Apple Computer has upped the ante in its fierce and bitter legal battle with rival digital audio player maker Creative Technology, filing a second counter-suit in the United States.

The latest filing, made by Apple last Thursday in a Texas district court, alleges that Creative has and continues to infringe on three more of its patents — one for the display of condensed data sets on a computer, another dealing with the editing of data on a portable media device, and a third for the creation and representation of icons to organize files on a computer system.

In the 8-page complaint, the iPod maker said "Creative has caused Apple substantial damage and irreparable injury by its infringement" and that it "will continue to suffer damage and irreparable injury" unless a court steps in.

The company is seeking cash damages "adequate to compensate for Creative's infringement" and a court order banning further patent infringements.

Apple's first counter-suit was filed last month in a district court in Wisconsin and charged Creative with infringing on four of its patents.

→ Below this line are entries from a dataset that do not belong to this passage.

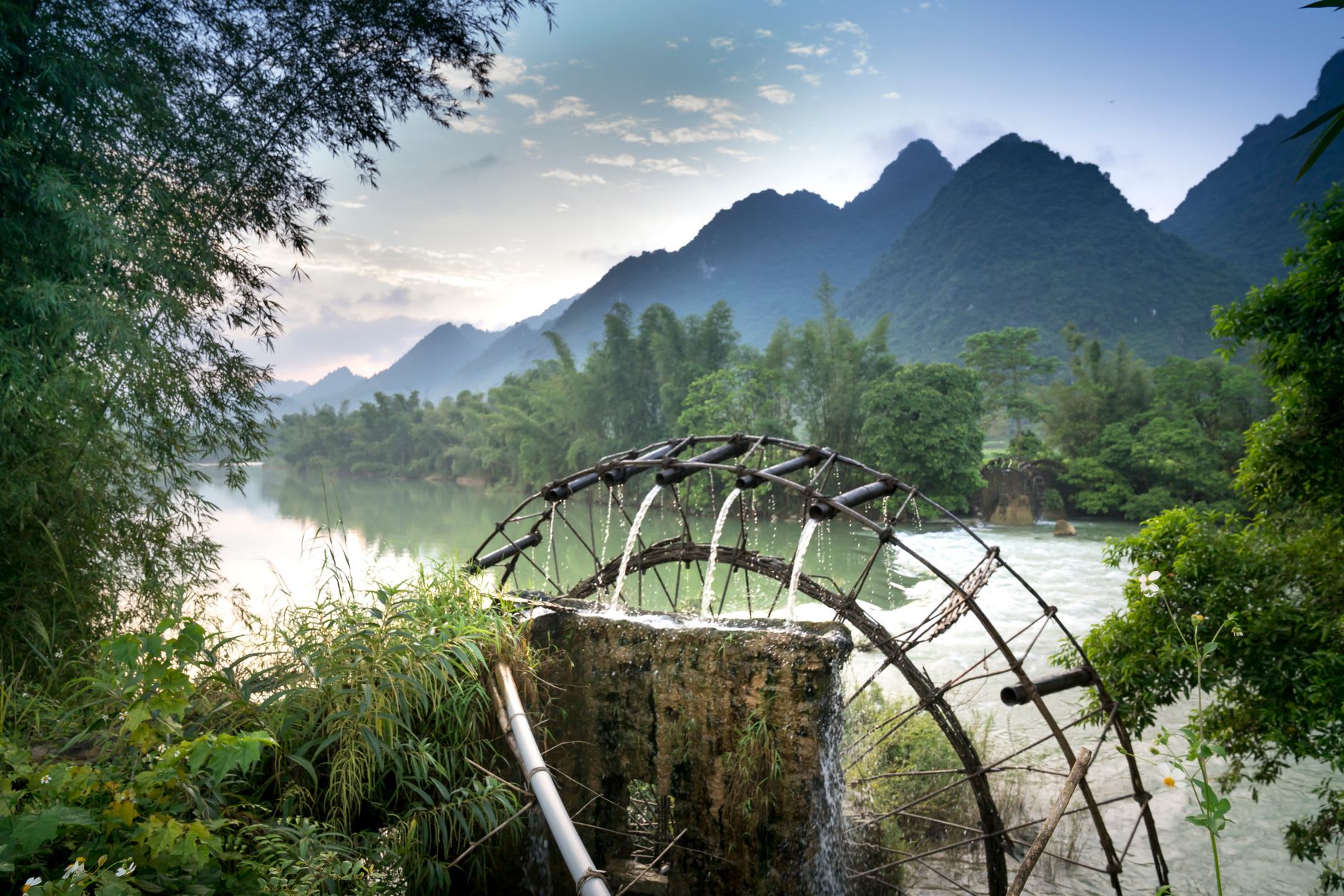 Canal and watermill in Lijiang Old Town at dawn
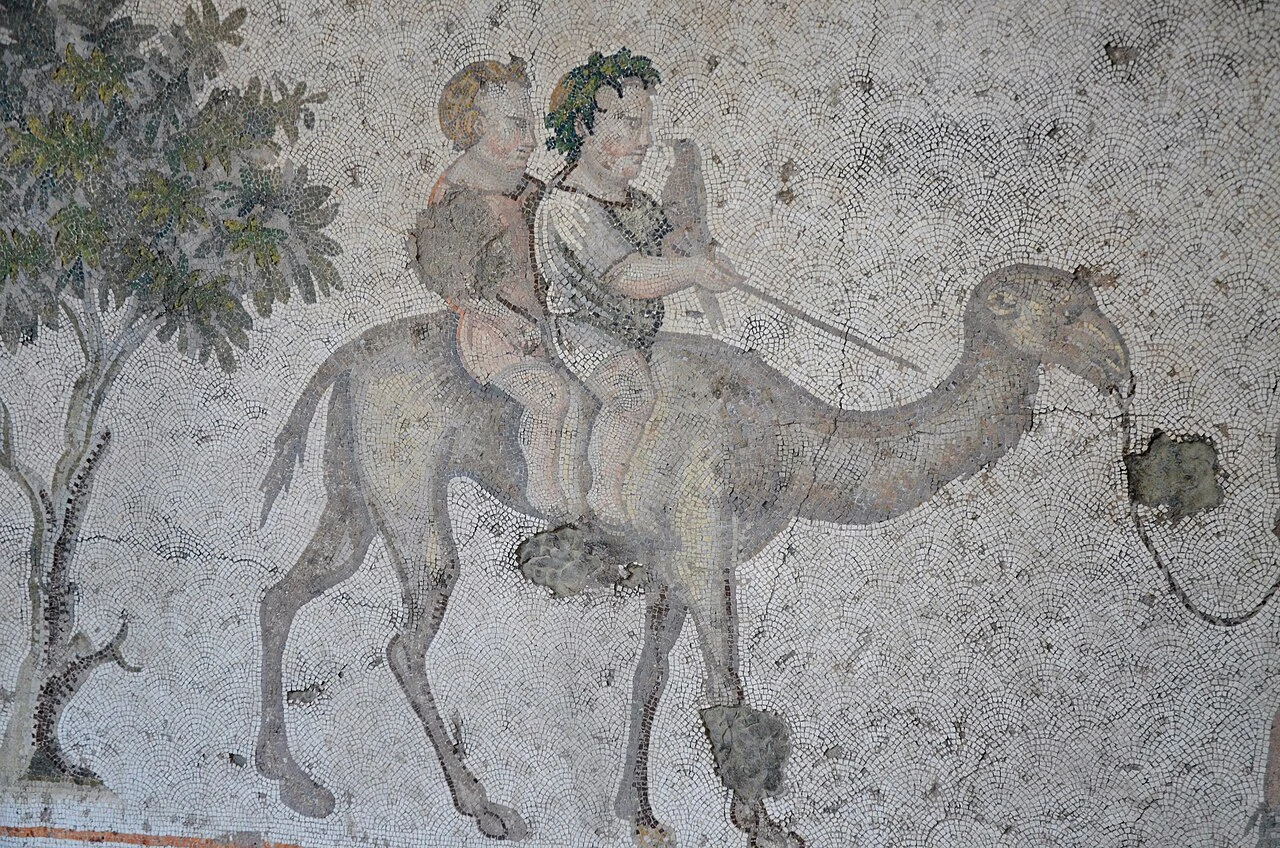 Children riding a camel in a Great Palace mosaic.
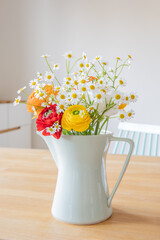 Bouquet of fresh Persian buttercup flowers and daisies in a mint green coffee pot from the 60ies on a wooden table . Interior design in Scandinavian style.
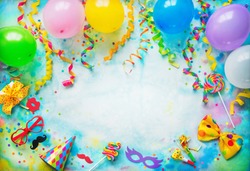 Balloons, present or gift box, confetti, candy, bow tie, sunglasses and streamers on colorful background with copy space. Top view. Birthday, carnival or party background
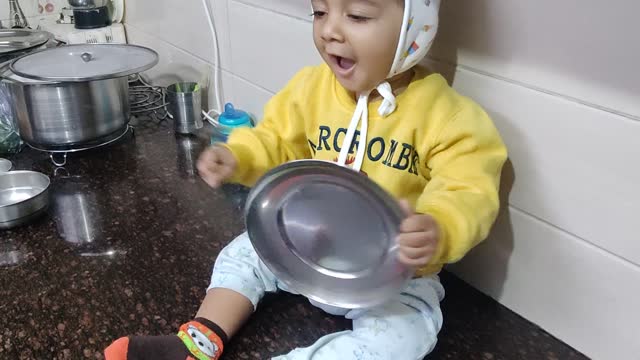 Baby in kitchen 😂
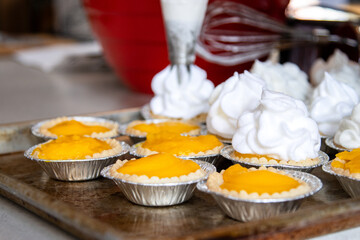 Piping swirled meringue onto lemon curd tarts on baking tray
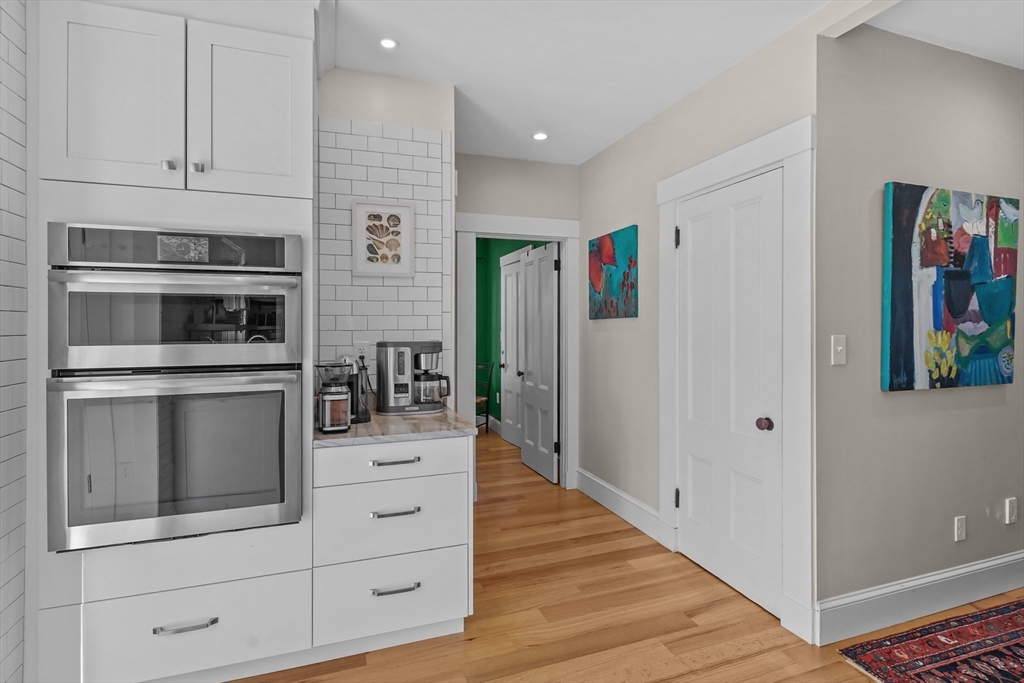 1881 Main Road Westport, MA 02791 - Photo 15 of 42 a kitchen with stainless steel appliances white cabinets and stainless steel appliances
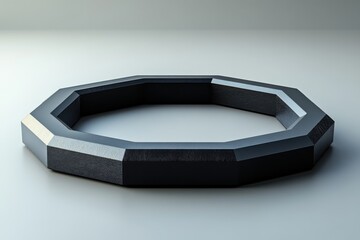 A geometric octagonal ring with a sleek black finish on a minimalist surface.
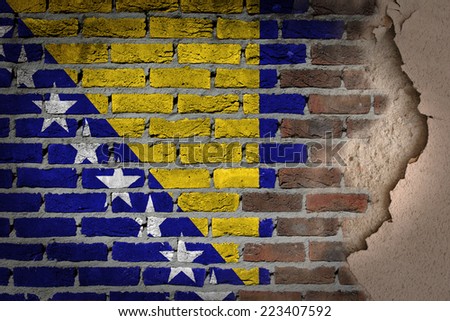 Dark brick wall texture with plaster - flag painted on wall - Bosnia and Herzegovina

The suits are in response to complaints filed by Creative in federal court and with the U.S. International Trade Commission. In those complaints, the Singapore-based company sought an injunction and increased damages, as well as a cease-and-desist order that would prohibit Apple from importing iPods into the United States.

Reuters in its own report points out that Apple's second counter-suit was filed in a district court in Texarkana, Texas, which handles a disproportionate share of major patent cases in the United States.

Legal experts told the publication that that patent trials put before juries in that court have favored patent holders — suggesting that Apple has chosen the venue as a means to put pressure on Creative to settle the patent dispute quickly.